U.S. retailer Target quite literally has a target painted on itself, and it’s one that attackers are now confirmed to have hit in one of the largest data breaches on record.
Target admitted today that approximately 40 million credit and debit card accounts are at risk from the breach. The affected accounts were compromised between Nov. 27 and Dec. 15, over the crucial Black Friday and Christmas holiday shopping period.
Though full details on the breach have not yet been made public, Target has confirmed that the data breach affects customers that shopped in physical Target stores in the United States. Target also has an online store as well as operations in Canada, though the company has not confirmed that those operations were impacted by the breach.
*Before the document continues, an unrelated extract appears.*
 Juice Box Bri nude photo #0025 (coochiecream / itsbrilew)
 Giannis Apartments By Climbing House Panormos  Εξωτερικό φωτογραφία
The data that the attackers were able to obtain includes customer names, the debit/credit card number, card expiration date as well as the three-digit Card Verification Value (CVV).
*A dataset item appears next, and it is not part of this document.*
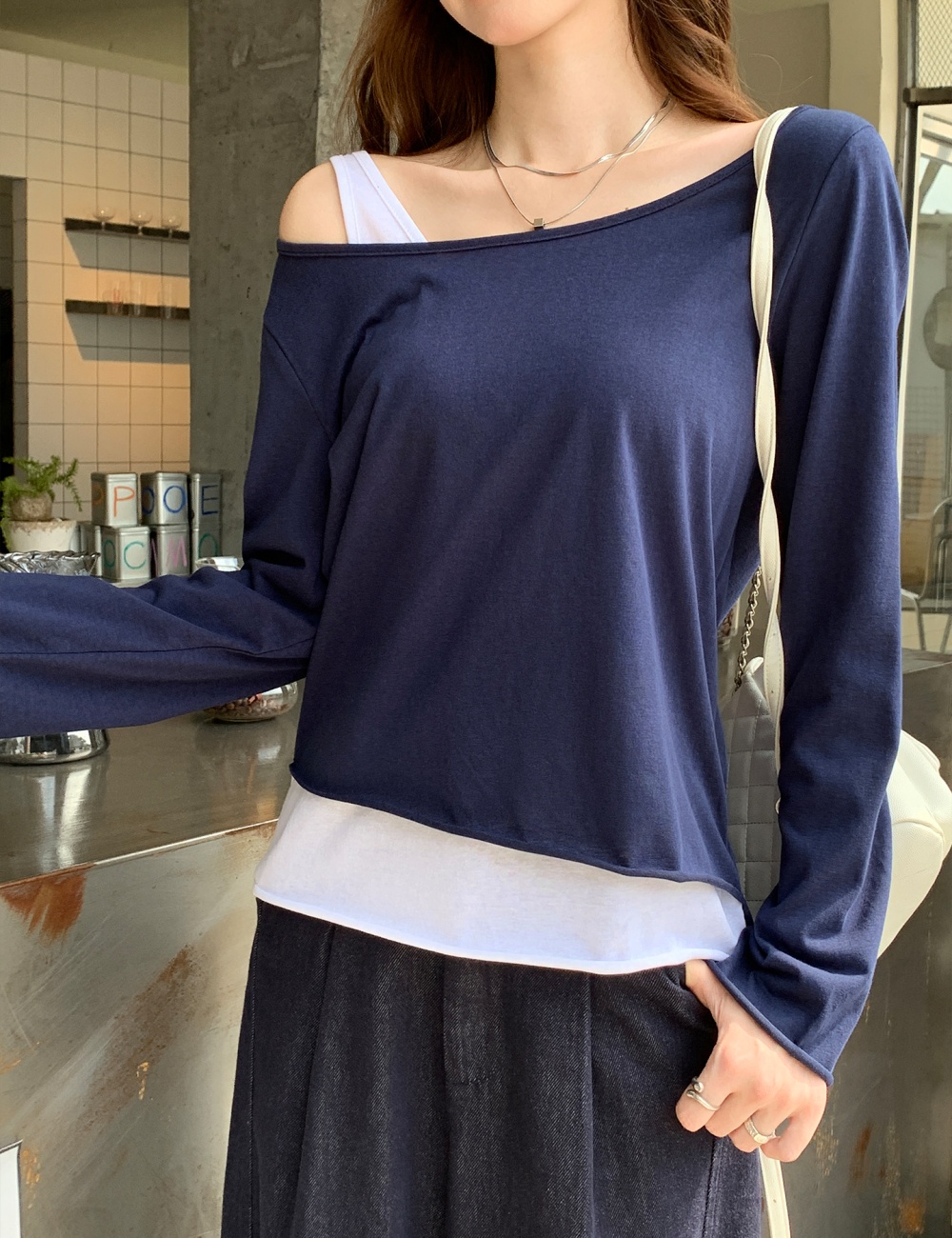 Pseudo-two thin large collar T-shirt for women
Target has also stated that the issue has been resolved at this point and the company is working with financial institutions and law-enforcement agencies.
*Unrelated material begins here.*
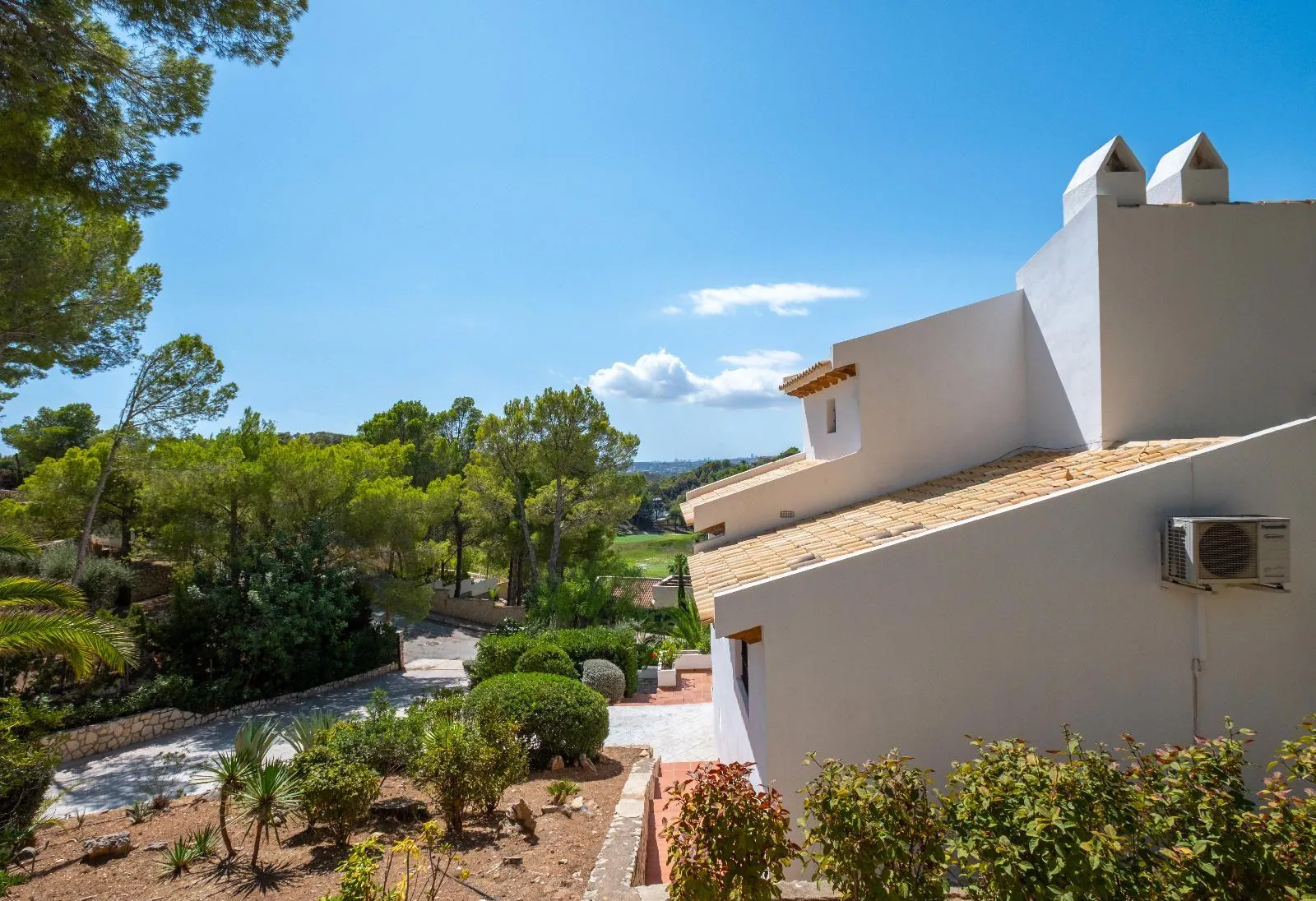 Elegant Mediterranean situated on the island of the golf course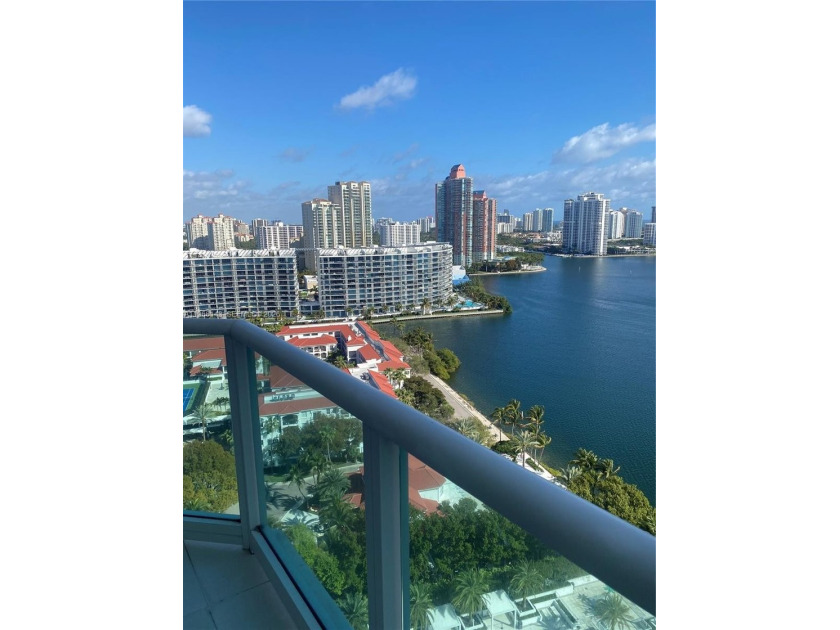 Located in the prestigious Peninsula in Aventura, this - Beach Condo for sale in Aventura, Florida on Beachhouse.com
“Target’s first priority is preserving the trust of our guests, and we have moved swiftly to address this issue, so guests can shop with confidence,” Gregg Steinhafel, Target chairman, president and CEO, said in a statement. “We take this matter very seriously and are working with law enforcement to bring those responsible to justice.”
In an open letter published by Target today to its customers, the company provides a number of recommendations on what potential victims of the breach should do. Target recommends that retail customers should review their credit card account statements as well as monitor credit reports. Target advises retail customers to report any suspicious or unusual credit card activity to their financial institution.
Target also suggests that customers visit the U.S. Federal Trade Commission (FTC)’s ID Theft website at www.consumer.gov/idtheft for additional information and tips.
The Target breach is likely the largest breach of a U.S. retailer since at least 2006 when TJX reported a data breach affecting 46 million of its customers. A year after the TJX breach was first reported, the scope of the TJX breach widened, and as many a 96 million consumers were impacted.